Berdasarkan Undang-undang tentang Perlindungan Anak, seorang anak memiliki hak untuk mendapatkan pendidikan, bergaul, bermain, beristirahat, dan berekreasi.
Beberapa peraturan seperti UU Nomor 20 Tahun 1999 tentang Pengesahan ILO Convension serta UU Nomor 1 Tahun 2000 telah memperjelas batas minimal dan syarat seorang anak diperbolehkan bekerja. Selain itu, UU Nomor 23 Tahun 2002 tentang Perlindungan Anak juga telah mengatur hukuman yang akan diberikan kepada pelaku eksploitasi anak.
Para orang tua dan orang dewasa juga harus sadar bahwa mengeksploitasi anak merupakan tindakan tidak berperikemanusiaan dan bentuk hilangnya tanggung jawab dan moral masyarakat.
Pemerintah bersama dengan seluruh masyarakat, khususnya orang tua, harus ikut ambil bagian dalam memberantas adanya eksploitasi anak. Semua anak Indonesia harus terbebas dari segala bentuk pemerasan, pemaksaan, penindasan, dan eksploitasi.

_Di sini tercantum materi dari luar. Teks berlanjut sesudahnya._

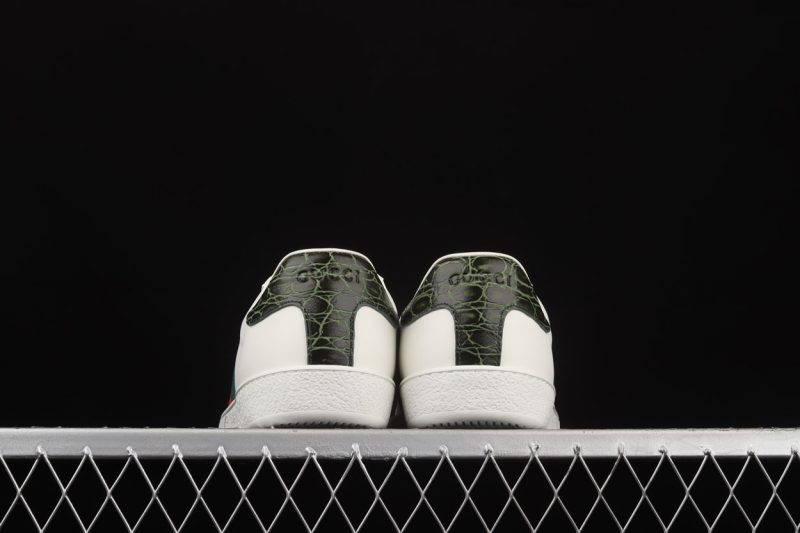 Gucci Ace Classic 4.jpg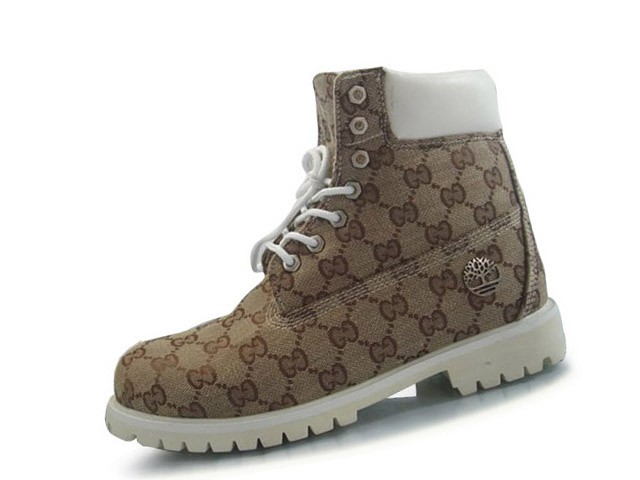 white timberland boots mens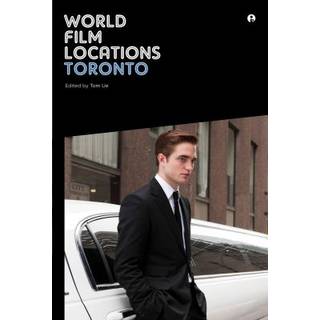 World Film Locations: Toronto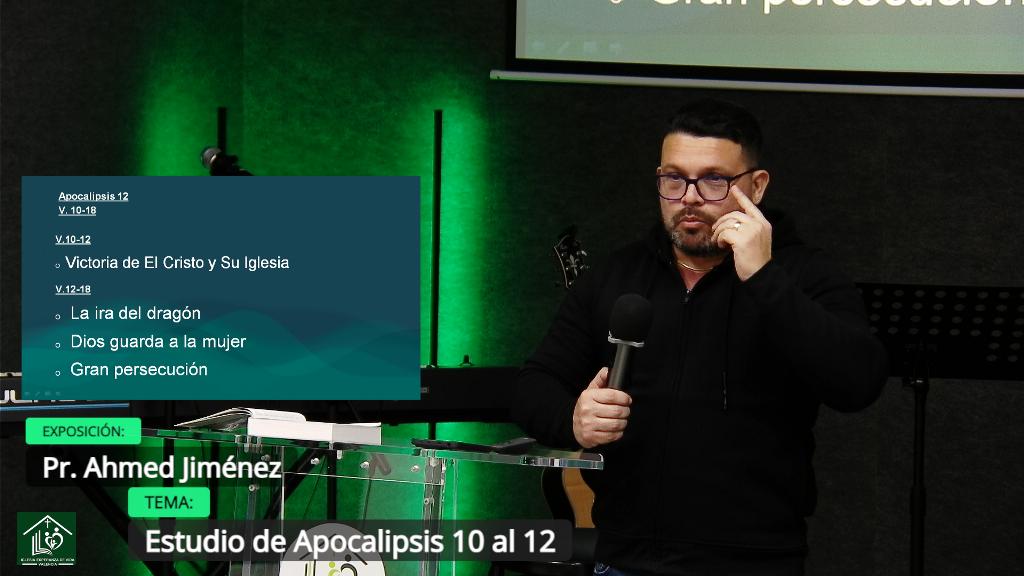 Esperanza de Vida 2026 02 11 19 00 3219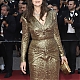 Filename=Monica2BBellucci2B70th2BAnniversary2BRed2BCarpet_28929.jpg
Filesize=91KiB
Dimensions=399x600
Date added=May 24, 2017 Monica2BBellucci2B70th2BAnniversary2BRed2BCarpet_28929.jpg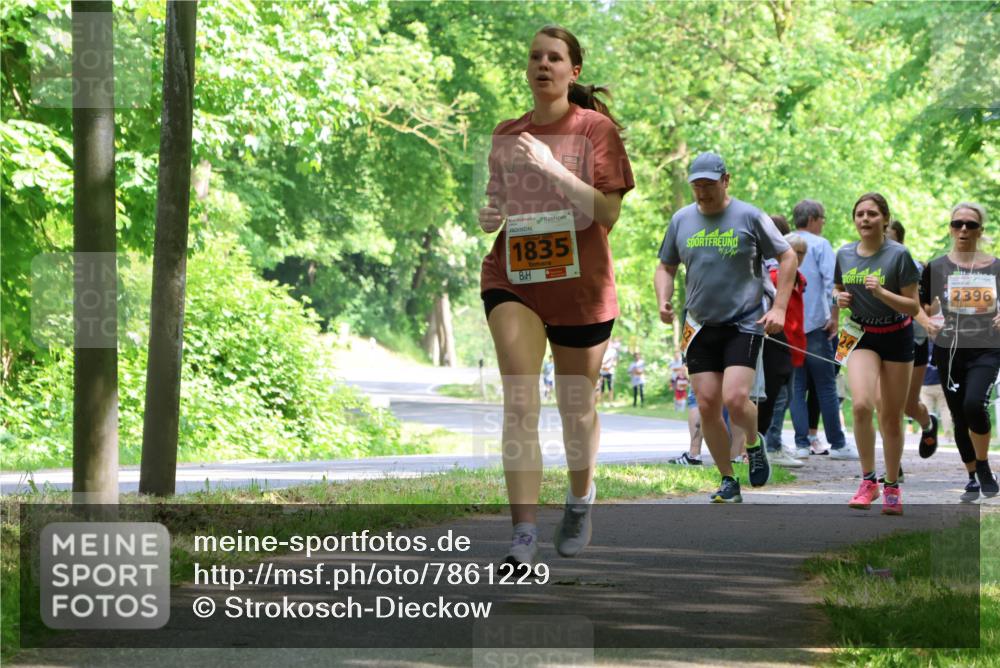 17.05.2025 - Störlauf Strokosch-Dieckow http://msf.ph/oto/7861229 17.05.2025 15:27:57 Laufen 1835, 2396 meine-sportfotos.de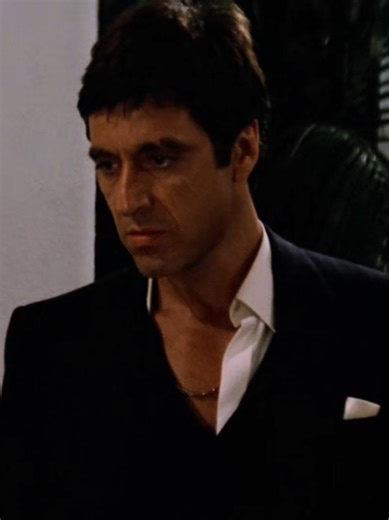 Exploring Scarface: The Legacy of Tony Montana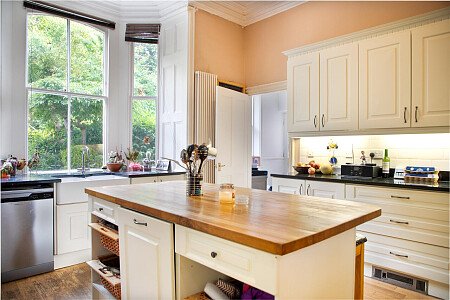 Lorne House- Filming Locations Locations Direct -02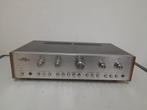 Vintage Akai AA-5810 integrated stereo amplifier, Overige merken, Gebruikt, Ophalen of Verzenden, Minder dan 60 watt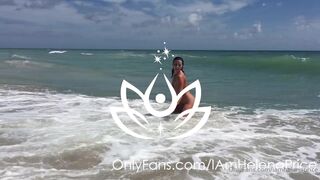 iamhelenapric Red courtesan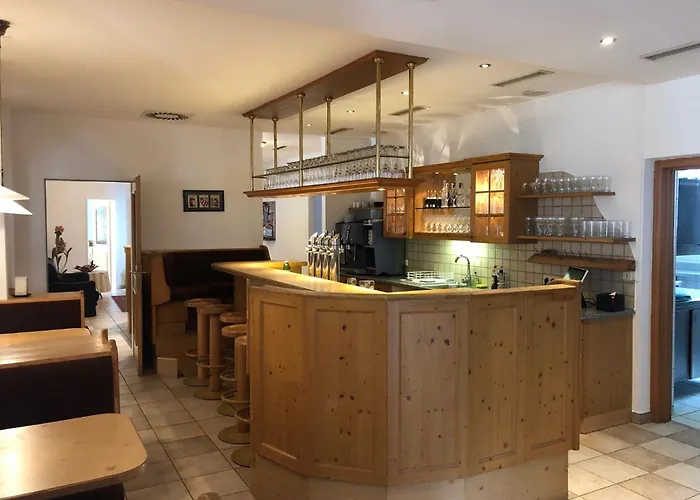 Ennstalerhof 3* Grossraming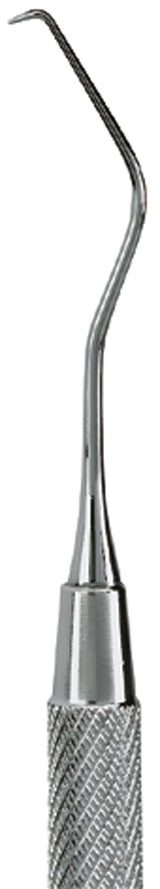 Sonden - Kent Dental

Semua anak berhak atas pemenuhan hak-hak nya. Semua anak Indonesia termasuk anak Lamkngan harus memperoleh haknya yakni hak untuk memperoleh pendidikan, beristirahat dan memanfaatkan waktu luang untuk bergaul, bermain, dan berekreasi.
Masyarakat dan pemerintah harus sadar akan pentingnya kualitas anak Indonesia bagi kelangsungan nusa dan bangsa,” pungkasnya.